Caiola keeps a file of ideas, usually in a notebook but sometimes on scraps of paper, writing down lines until she finds a home for it. “It’s organized chaos, but it’s a file,” she laughs.

While she says her characters aren’t drawn from any particular person, they sometimes have bits and pieces of people she’s known over the years, and has kept her children and parents out of the book.

Caiola’s friend Mary Kiernan-Tighe is one who can see herself in the book. “She’s the only person where I can actually say that a composite of her is in there,” Caiola said.

“She has all these ideas in her head and will get them out,” said Kiernan-Tighe, who supports Caiola’s writing and attended a conference with her on how to get your book published.
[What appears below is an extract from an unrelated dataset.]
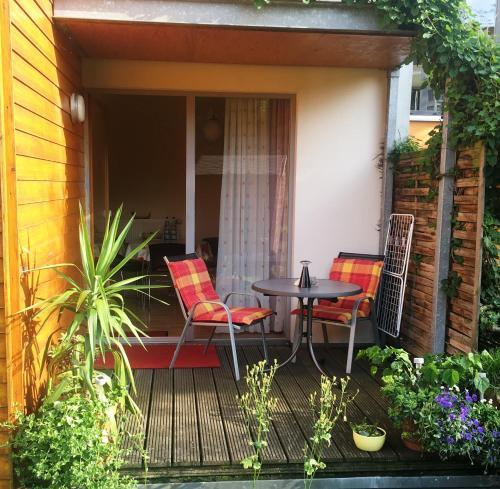 Apartamento Altstadt Ferienwohnung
Caiola’s parents, Frances and Nicholas Caiola, were there to offer proud support, along with sister Christine Paganelli, niece Marissa Paganelli, and friend Ed Calabro and his children. “Her writing has just blossomed and she has made us so proud of her,” Frances said.

Her children are fans, but said they didn’t get to read the book until it was published. “We loved it,” older daughter Melissa Martone, 22, said. “It was easy to keep reading. She does a good job at the end of each chapter in making you want to read on.” Nicholas Martone, 19, agreed, saying he remembers his mother’s discipline when she would start writing. “Don’t interrupt when she’s typing,” he laughed.

The urge to write has been with Caiola since she was a teen, and has now able to develop through online stories and maintaining her own web site and blog.

Caiola describes her next project, “Girls Like Her,” as a young adult book that’s edgier than “Wishless” and she’s working on a third women’s fiction work with a mystery element that’s tentatively titled “Ana Baby Blue.”

“I love mysteries,” she said. “Any time I had money when I was little I’d go to Korvette’s and buy a Nancy Drew book.”